第一年，我构建了一个实验系统，通过将含有细菌视紫红质（bR）或盐生视紫红质（hR）的膜组分吸附到聚合物薄膜上，能够测量它们的快速光电响应。第二年，我检查了bR及其突变体（来自不同盐生细菌的两种hR）的光电流与pH或Cl浓度的函数关系。结果表明，bR 光电流的 pH 依赖性反映了 bR 质子路径入口和出口对质子的亲和力。 hRs 也获得了类似的结果，这表明泵蛋白中离子易位的方式与多离子通道的方式相似。通过使用脉冲激光闪光，我可以测量单周转内泵蛋白内的电荷运动。 bR 中的电荷移动发生在 musec 和 msec 时间区域，而两个 hR 中的电荷移动发生在 msec 和 sub-msec 时间区域。通过将电测量中获得的数据与光化学循环中获得的数据进行比较，表明电荷运动发生在N中间体的形成和衰变过程中。另一方面，我基于bR的质子易位性质进行了理论模型研究。该模型假设三个离子结合位点，亲和力变化诱导单向离子易位。此外，高亲和力状态和低亲和力状态的分布必须偏离平衡分布才能诱导主动运输。我认为这是离子泵和离子通道之间的关键区别。第二年得到的实验结果与这个想法相当吻合。

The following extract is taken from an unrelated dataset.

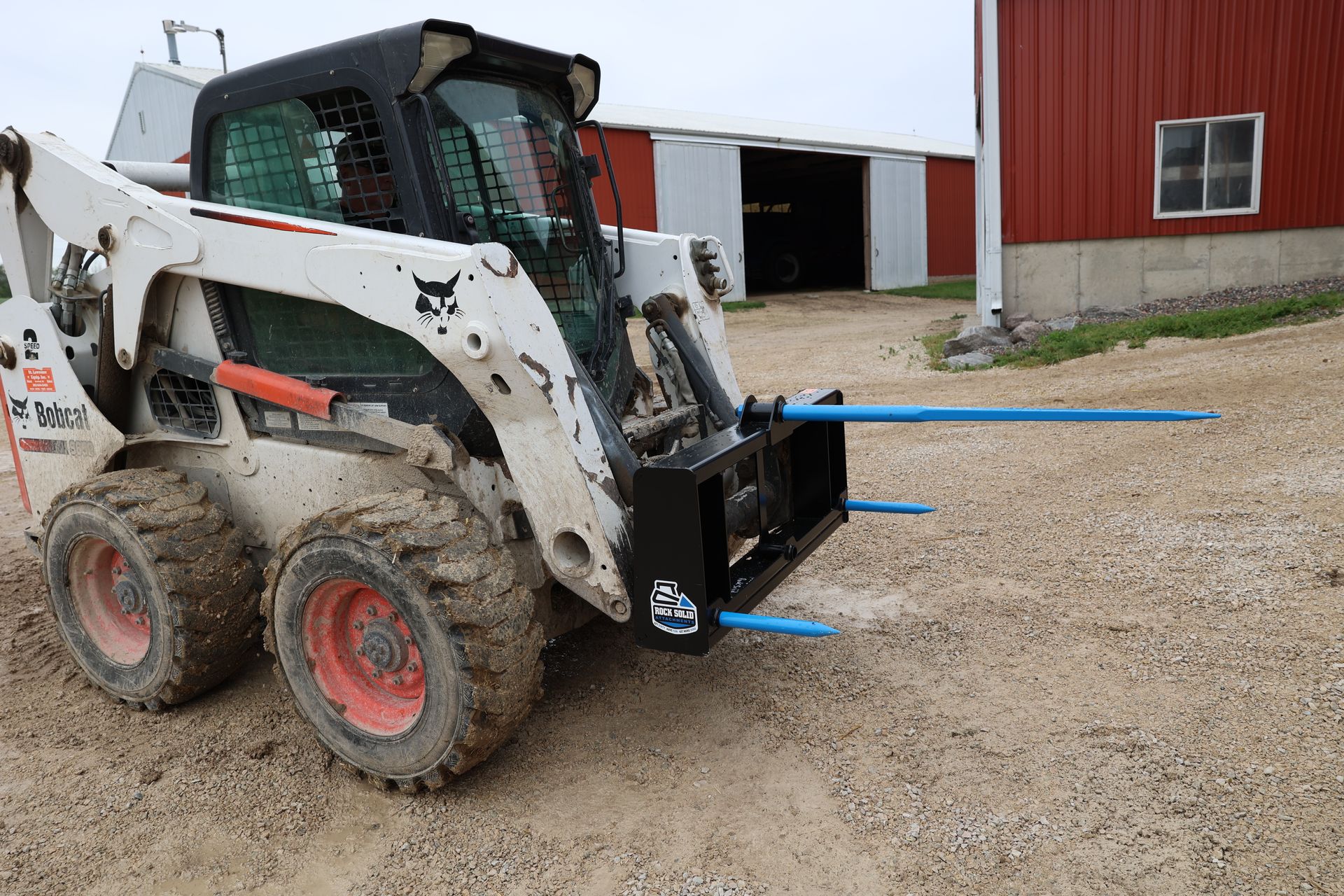 A bobcat is parked in a dirt lot in front of a red barn.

因此，假设离子泵是多离子通道，其中传输离子的亲和力变化引起主动传输似乎是合理的。

项目成果

Okuno, D.et al.: "Chloride concentration dependency of the electrogenic activity of halorhodopsin" Biochemistry. in press. (1999)

Okuno, D.et al.：“盐视紫红质的生电活性的氯化物浓度依赖性”生物化学。

Muneyuki, E.et al.: "A Single Mutation at the Catalytic Site of TF_1-α_3β_3γ Complex Switches the Kinetics of ATP Hydrolysis from Negative to Positive Cooperativity" FEBS Letters. 413. 55-60 (1997)

Muneyuki, E. 等人：“TF_1-α_3β_3γ 复合物催化位点的单一突变将 ATP 水解动力学从负协同性转变为正协同性” FEBS Letters 413. 55-60 (1997)。

Tsunoda,S.et al.: "Cross-linking of Two Subunits in the Closed Conformation in F1-ATPase" J.Biol.Chem.274. 5701-5703 (1999)

Tsunoda,S.et al.：“F1-ATPase 中闭合构象中两个亚基的交联”J.Biol.Chem.274。

Muneyuki, E at al.: "A new system for the measurement of electrogenicity producned by ion pumps using a thin polymer film : Examination of wild type bR and the D96N mutant over a wide pH range" FEBS Letters. 427. 109-114 (1998)

Muneyuki, E 等人：“一种使用聚合物薄膜测量离子泵产生的生电性的新系统：在宽 pH 范围内检查野生型 bR 和 D96N 突变体”FEBS Letters。

Yokoyama, K.et al.: "V-ATPase of Thermus thermophilus is inactivated during ATP hydrolysis but can synthesize ATP" J.Biol.Chem.273. 20504-20510 (1998)

Yokoyama, K.等人：“嗜热栖热菌的 V-ATP 酶在 ATP 水解过程中失活，但可以合成 ATP”J.Biol.Chem.273。